Personnellement je pense que nous avons à Marseille une scène d'une richesse et d'une activité clairement sous-estimée/médiatisée ... vous qui êtes du coin, qu'en pensez-vous ?
(Diego) : Lorsque l'on parle de Marseille et ça concerne tous les domaines, on dit souvent que la ville a un gros potentiel mal exploité. Dans la musique, c'est un peu pareil. Il y a bien les rappeurs, qui eux manient bien la com' et savent s'exporter, mais bon je préfère ne pas m'étendre sur le sujet. Mais pour le reste et en particulier la scène rock il est clair qu'il y a un problème de visibilité. C'est pour partie en raison de la situation géographique, on peut dire ce que l'on veut, Marseille est loin du cur de l'activité et des faiseurs de buzz.
(Polar) : Comme tu le dis fort justement, il y a énormément de groupes de très grande qualité à Marseille et alentour, et des activistes du rock - dont tu fais partie, avec Stefan Raffi, l'équipe de Phocéa rocks, celle du Vortex, Lollipop et tous ceux qui font vivre les salles de concert, qui sont finalement assez nombreuses, ainsi qu'un vrai public qui fréquente assidûment ces lieux. Mais le public rock de la ville n'est pas extensible et effectivement, la ville est un peu à l'écart des grands axes... Même un groupe emblématique comme les Cure n'est pas passé à Marseille pour cette tournée, mais à Montpellier ! De plus, l'image de la ville à l'extérieur, c'est le métissage culturel, le rap, l'accent et les cigales... pas très rock'n'roll ! Et c'est difficile de se dépêtrer de cette image qui nous colle aux baskets.
Le disquaire Lollipop vient de fêter ses 10 ans, la Machine à coudre ses 20 ans, les Cowboys from Outerspace ont sorti un nouvel album, la Rue du Rock prépare sa 5ème édition, ... la scène rock se porte bien non ?
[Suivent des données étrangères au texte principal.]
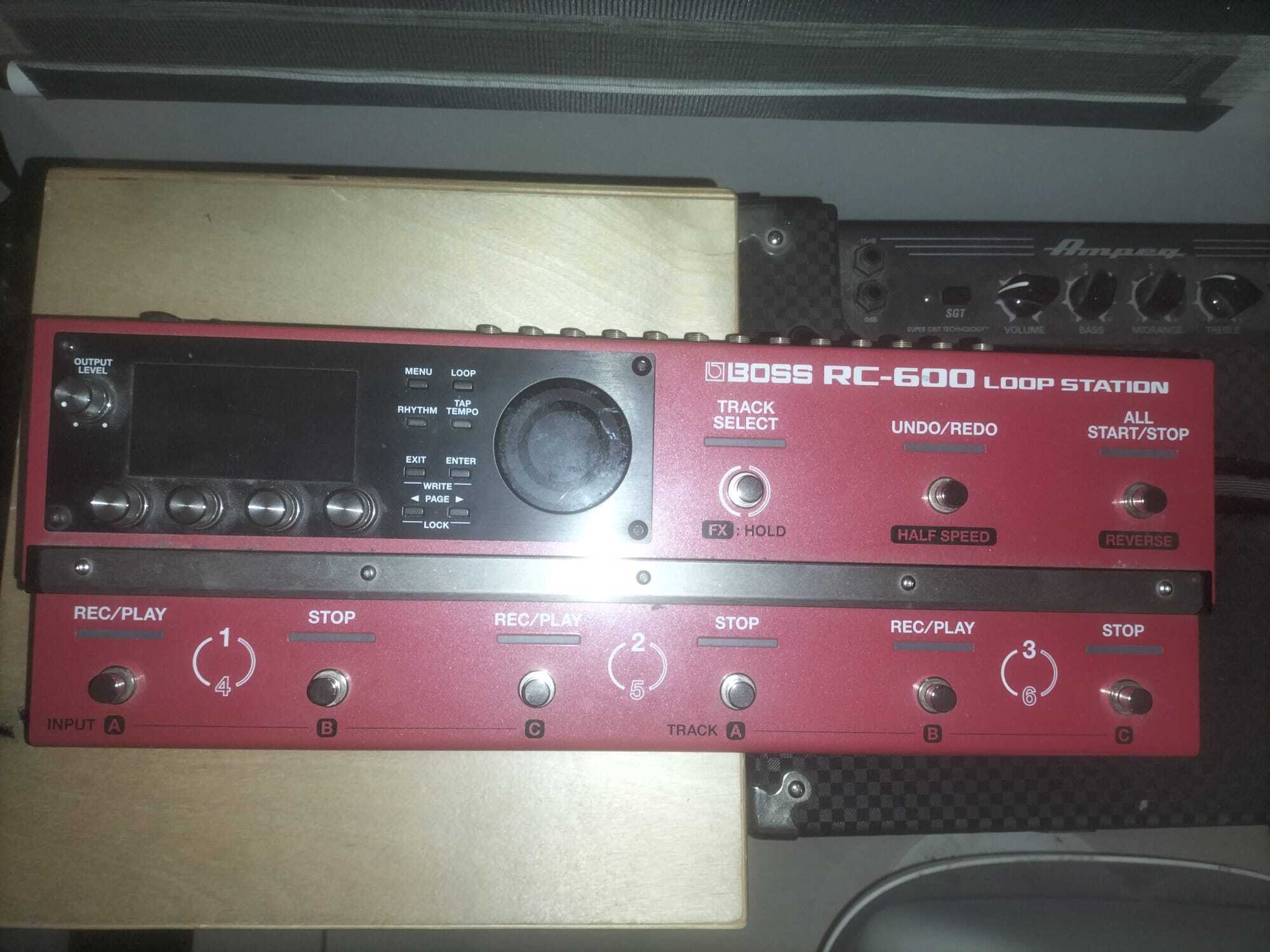 BOSS RC-600 Loop Station – Comme neuf, très peu utilisé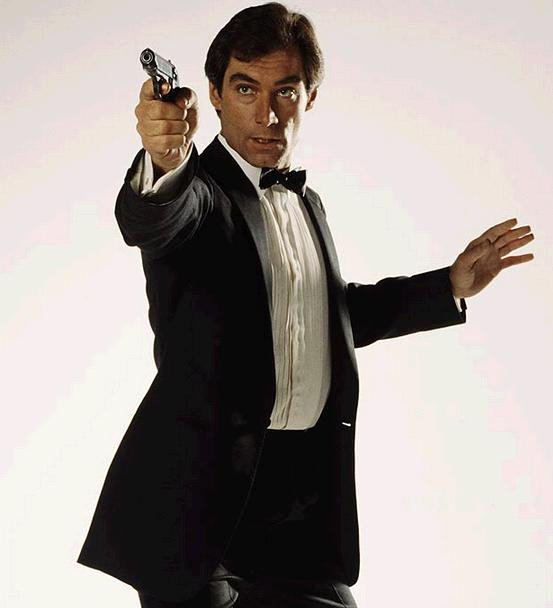 Timothy Dalton vị trí thứ 2 với phim The Living Daylights - 1987 và License to Kill - 1989.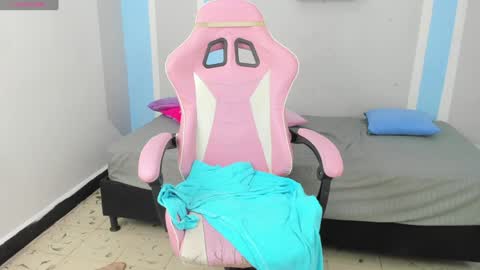 Snapshot of im_angels7 chatting on January 13, 9:19 am Angela online show from January 13, 9:19 am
(Diego) : Oui la scène rock est active et diversifiée. Les groupes sont là et les lieux aussi, à condition qu'ils arrivent à survivre. La Machine à Coudre est un pilier, une légende. Lollipop est un super lieu, un vrai magasin de disques et aussi un lieu de rencontre. Punk, Métal, Pop, Garage, il y en a pour tous les goûts. Dans le domaine du psyché on est pas très nombreux, mais on peut dire aussi que le psyché est un monde musical pas cloisonné. Chacun a sa définition du psyché, donc ça peut englober plein de choses, sixties, stoner, electro... Dans JYS nous avons des influences diverses, folk-rock, cold, pop, on se définit d'ailleurs comme un groupe Dark psyché country folk.
(Polar) :En fait si on regarde bien il se passe plein de choses ici ! Il faut surtout continuer à fréquenter tous ces lieux et les faire vivre ! Je pense notamment au Molotov qui est devenu une salle importante et qui est menacé pour des raisons visiblement plus que fallacieuses... et bien sûr à Lollipop.
Votre meilleur souvenir de concert (sur scène) / (dans le public)
(Diego) : Je repense à ce bar-concert à Chalon-sur-Saône en avril dernier. C'était pour le Disquaire Day. On avait prévu en rentrant de dates en Alsace-Lorraine de faire un showcase au Gibert plus une soirée. Ça a été le top, le patron nous a payés avant même de jouer, nous a mijoté un super bon plat, on a vendu des disques et l'ambiance était de feu.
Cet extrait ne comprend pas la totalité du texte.